A Low-Rank BUG Method for Sylvester-Type Equations
Georgios Vretinaris
TL;DR
The paper tackles solving Sylvester-type equations $A X + X B^T = C$ by a low-rank BUG-inspired approach that decomposes the problem into smaller reduced tasks, enabling efficient computation when the solution is low-rank or when coefficients are sparse. It introduces fixed-rank and rank-adaptive BUG Sylvester solvers with $X=USV^T$, derives reduced equations for $K=US$, $L=VS^T$, and a small Galerkin system for $S$, achieving a complexity of $O( k r (n^2+m^2+mn+r^2) )$. The methodology is extended to Tucker decompositions for tensor Sylvester equations, solving per-mode reduced problems and employing a rank-adaptive truncation to update the core and factor matrices without forming dense intermediates. Numerical experiments on Poisson problems and random matrices/tensors demonstrate rapid convergence and accurate low-rank approximations, especially when coefficient matrices exhibit larger spectral separation.
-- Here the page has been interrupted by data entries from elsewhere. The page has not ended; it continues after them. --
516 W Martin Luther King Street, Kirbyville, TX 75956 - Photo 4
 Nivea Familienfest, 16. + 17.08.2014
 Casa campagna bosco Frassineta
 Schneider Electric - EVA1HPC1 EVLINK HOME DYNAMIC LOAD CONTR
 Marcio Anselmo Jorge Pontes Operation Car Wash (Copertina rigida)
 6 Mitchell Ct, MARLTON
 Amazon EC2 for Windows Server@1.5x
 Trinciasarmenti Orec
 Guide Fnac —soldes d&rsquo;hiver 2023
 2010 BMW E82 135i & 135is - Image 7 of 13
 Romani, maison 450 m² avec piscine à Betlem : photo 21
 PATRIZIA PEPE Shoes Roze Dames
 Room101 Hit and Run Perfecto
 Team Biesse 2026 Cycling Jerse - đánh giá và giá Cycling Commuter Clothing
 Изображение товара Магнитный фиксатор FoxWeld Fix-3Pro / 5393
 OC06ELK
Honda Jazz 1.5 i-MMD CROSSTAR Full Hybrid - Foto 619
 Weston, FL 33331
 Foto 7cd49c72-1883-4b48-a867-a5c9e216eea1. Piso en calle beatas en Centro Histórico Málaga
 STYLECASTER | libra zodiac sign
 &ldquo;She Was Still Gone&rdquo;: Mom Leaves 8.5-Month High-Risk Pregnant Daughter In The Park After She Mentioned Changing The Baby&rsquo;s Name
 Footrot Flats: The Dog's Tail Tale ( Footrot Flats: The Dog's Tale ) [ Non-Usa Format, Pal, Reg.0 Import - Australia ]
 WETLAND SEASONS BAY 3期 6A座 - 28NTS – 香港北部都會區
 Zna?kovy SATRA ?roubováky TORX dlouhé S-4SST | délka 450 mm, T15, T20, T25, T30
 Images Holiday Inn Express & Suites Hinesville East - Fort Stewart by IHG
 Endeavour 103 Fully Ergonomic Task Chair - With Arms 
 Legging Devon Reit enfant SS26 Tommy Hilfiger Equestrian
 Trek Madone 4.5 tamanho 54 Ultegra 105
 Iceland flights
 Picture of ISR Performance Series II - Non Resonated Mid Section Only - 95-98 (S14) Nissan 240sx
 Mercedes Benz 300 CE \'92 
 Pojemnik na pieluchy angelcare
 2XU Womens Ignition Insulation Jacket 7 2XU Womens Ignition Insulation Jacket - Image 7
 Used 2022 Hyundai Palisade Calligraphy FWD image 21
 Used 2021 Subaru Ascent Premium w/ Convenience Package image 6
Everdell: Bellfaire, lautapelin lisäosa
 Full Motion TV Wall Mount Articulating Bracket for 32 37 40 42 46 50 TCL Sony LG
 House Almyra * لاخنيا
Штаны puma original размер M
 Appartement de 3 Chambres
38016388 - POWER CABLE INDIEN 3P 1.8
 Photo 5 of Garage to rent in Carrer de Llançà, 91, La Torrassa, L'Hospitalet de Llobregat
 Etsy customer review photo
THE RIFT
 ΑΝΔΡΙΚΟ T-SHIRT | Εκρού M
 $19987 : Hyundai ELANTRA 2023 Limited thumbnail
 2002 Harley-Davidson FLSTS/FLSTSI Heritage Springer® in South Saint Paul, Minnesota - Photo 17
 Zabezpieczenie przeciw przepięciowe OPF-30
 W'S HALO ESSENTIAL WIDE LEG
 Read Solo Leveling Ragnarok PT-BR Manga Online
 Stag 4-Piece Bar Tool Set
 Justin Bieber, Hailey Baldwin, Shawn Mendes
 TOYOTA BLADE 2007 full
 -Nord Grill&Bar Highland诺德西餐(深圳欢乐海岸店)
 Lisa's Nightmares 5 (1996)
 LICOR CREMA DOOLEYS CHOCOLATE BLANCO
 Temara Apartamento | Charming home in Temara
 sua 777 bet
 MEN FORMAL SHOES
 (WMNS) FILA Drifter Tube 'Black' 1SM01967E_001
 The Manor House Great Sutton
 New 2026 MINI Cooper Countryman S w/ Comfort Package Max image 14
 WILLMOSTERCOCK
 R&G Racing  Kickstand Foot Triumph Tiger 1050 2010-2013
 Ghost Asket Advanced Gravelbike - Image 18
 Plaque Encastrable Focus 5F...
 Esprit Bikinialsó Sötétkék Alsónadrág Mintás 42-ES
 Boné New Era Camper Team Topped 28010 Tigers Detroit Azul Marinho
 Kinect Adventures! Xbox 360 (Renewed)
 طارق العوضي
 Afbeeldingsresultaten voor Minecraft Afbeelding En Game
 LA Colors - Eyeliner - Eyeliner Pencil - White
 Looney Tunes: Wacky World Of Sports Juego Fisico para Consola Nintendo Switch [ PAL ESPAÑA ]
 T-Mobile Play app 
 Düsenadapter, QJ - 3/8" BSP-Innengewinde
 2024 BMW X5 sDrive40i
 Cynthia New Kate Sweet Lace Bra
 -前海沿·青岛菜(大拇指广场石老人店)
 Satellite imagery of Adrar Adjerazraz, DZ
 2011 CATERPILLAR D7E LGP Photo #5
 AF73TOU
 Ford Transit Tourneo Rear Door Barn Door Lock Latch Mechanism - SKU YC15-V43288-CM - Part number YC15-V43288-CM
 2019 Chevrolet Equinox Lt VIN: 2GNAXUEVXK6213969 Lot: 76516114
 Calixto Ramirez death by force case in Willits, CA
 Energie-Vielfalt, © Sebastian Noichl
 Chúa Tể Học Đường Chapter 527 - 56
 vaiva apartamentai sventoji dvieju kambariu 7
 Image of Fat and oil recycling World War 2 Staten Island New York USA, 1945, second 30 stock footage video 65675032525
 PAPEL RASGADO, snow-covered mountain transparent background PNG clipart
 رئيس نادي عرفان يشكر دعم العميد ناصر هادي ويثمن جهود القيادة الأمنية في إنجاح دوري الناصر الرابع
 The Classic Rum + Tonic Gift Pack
While empirical results are promising, a rigorous convergence theory remains an open direction for future work.
Abstract
We introduce a low-rank algorithm inspired by the Basis-Update and Galerkin (BUG) integrator to efficiently approximate solutions to Sylvester-type equations. The algorithm can exploit both the low-rank structure of the solution as well as any sparsity present to reduce computational complexity. Even when a standard dense solver, such as the Bartels-Stewart algorithm, is used for the reduced Sylvester equations generated by our approach, the overall computational complexity for constructing and solving the associated linear systems reduces to O(kr(n^2+m^2 +mn + r^2)), for X in R^{m \times n}, where k is the number of iterations and r the rank of the approximation.